PRODUCTION TIMELINE & PROJECT BUDGET


Piloting CyberHouse has begun by testing the effectiveness of an entrance animation to stimulate self-representation. In April 2003, I (Karen Keifer-Boyd) used the animation in an art lesson at a school for pregnant youth in South Allison Hills, Pennsylvania. The girls looked at a large digital projection on the wall close in front of them of an animated breathing house, while I led a visualization with them. I asked the girls to physically “breath with the house.” Breathing with the house focused them. With their breathing coordinated to the movement of the house, I suggested the house was their body. Their changed response from aggression and non-motivation to collaboration and enthusiasm to create, provides a guide to online pedagogy, as I continue to build the CyberHouse prototype to engage players in self-representation and collaboration.

MySQL database programming provides the functionality so that a “gamer” can upload his or her icon into the site. The file will be associated with the person so a user ID and object ID process will be programmed to connect the two.

Kumar Desai will program the game so that the uploaded image appears to enter the doorway and once inside the room the player's icon increases in size filling about half the space. The other half of the space looks like a mirror reflecting the image. Therefore one's self-representation is doubled. However, there will be programmed one variation to occur in the reflection, such as a reversal to problematize one's self-representation.

The doubled image glows in the center and is darker on the periphery. The glowing center can be activated to enter one of the three worlds that I will create with assistance from Ovid Boyd and Hui-Chun Hsiao. The darker periphery can be clicked on to enter one of three, second set of worlds.

Kumar Desai will program CyberHouse so that the gamer's selection of images are stored to become the player's profile. I, along with Ovid Boyd and Hui-Chun Hsiao will create CyberHouse's interactive animations.

When the gamer has made all of his or her selections in the six worlds their stored selections will form a world (or room). Kumar, the programmer, will structure the database. I will make the elements that will go into the players’ spaces, and conceptualize which elements to store for various configurations from players’ specific choices (in the 6 initial worlds visited) that make their world.

The programmer, Kumar Desai, expects to accomplish the above described database programming in 100 hours from the period June 1, 2004 to October 1, 2004. I with Ovid Boyd, and Hui-Chun Hsiao plan to work on the animations beginning in June 2004. Our goal is to make 60 of the 180 animations for the entrance into CyberHouse by October 1, 2004. We'll continue until we've made 180. An infinite number can be added. The animations are the choices that occur in the 6 worlds: womb, closet, sky, shopping, group interaction, and nature.
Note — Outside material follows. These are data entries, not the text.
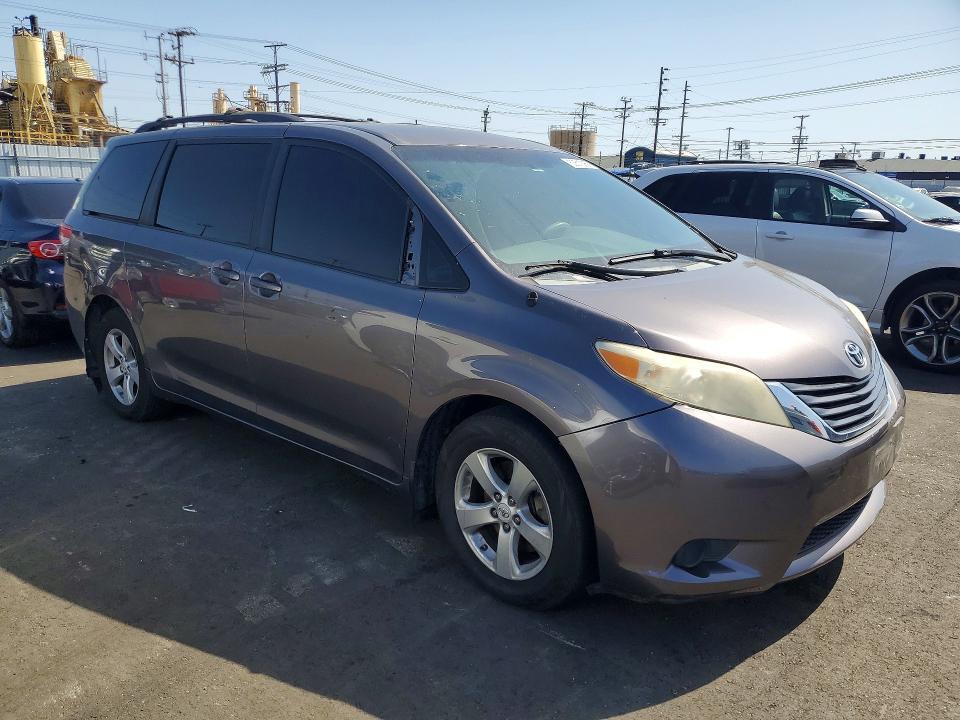 2011 Toyota Sienna le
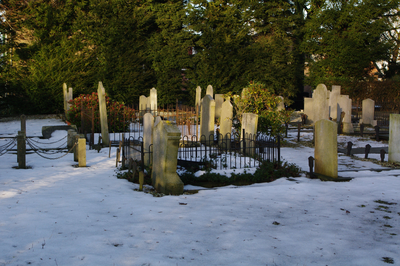 WAT120002985 Jisp. Winter 2010. Begraafplaats.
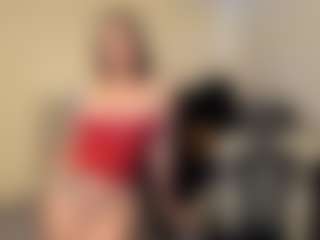 Live cam show with Salome - Gamer Athletic on SxyPornLive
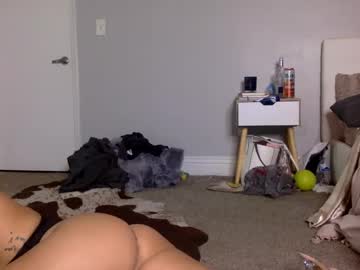 couple
        swirlgirls304 cam image #14273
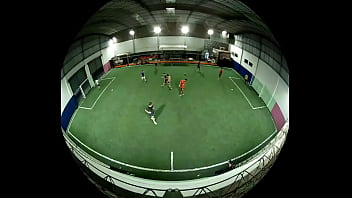 Chaval folla como desgraciado jugando fútbol 5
This first part of the game will be piloted in late fall 2004 and refined in 2005 prior to constructing the second phase of the game in 2005-2006, which involves interaction among players to remove together the damaging social labels.

How funds will be expended during the grant period of 2004 to create CyberHouse:

  • Programmer (Kumar Desai) at $50 per hour x 100 hours = $5000
  • Assistants (Ovid Boyd & Hui-chun Hsaio) to create animations in Flash software at $25 per hour x 100 hours = $2500
  • Project concept development, research, artistic direction, FLASH animations, and Web design (myself at $0 x 500+ hours)=0
  • I received $3,588 from The Pennsylvania State University College of Arts and Architecture Faculty Research Grants 2004-2005 for CyberHouse.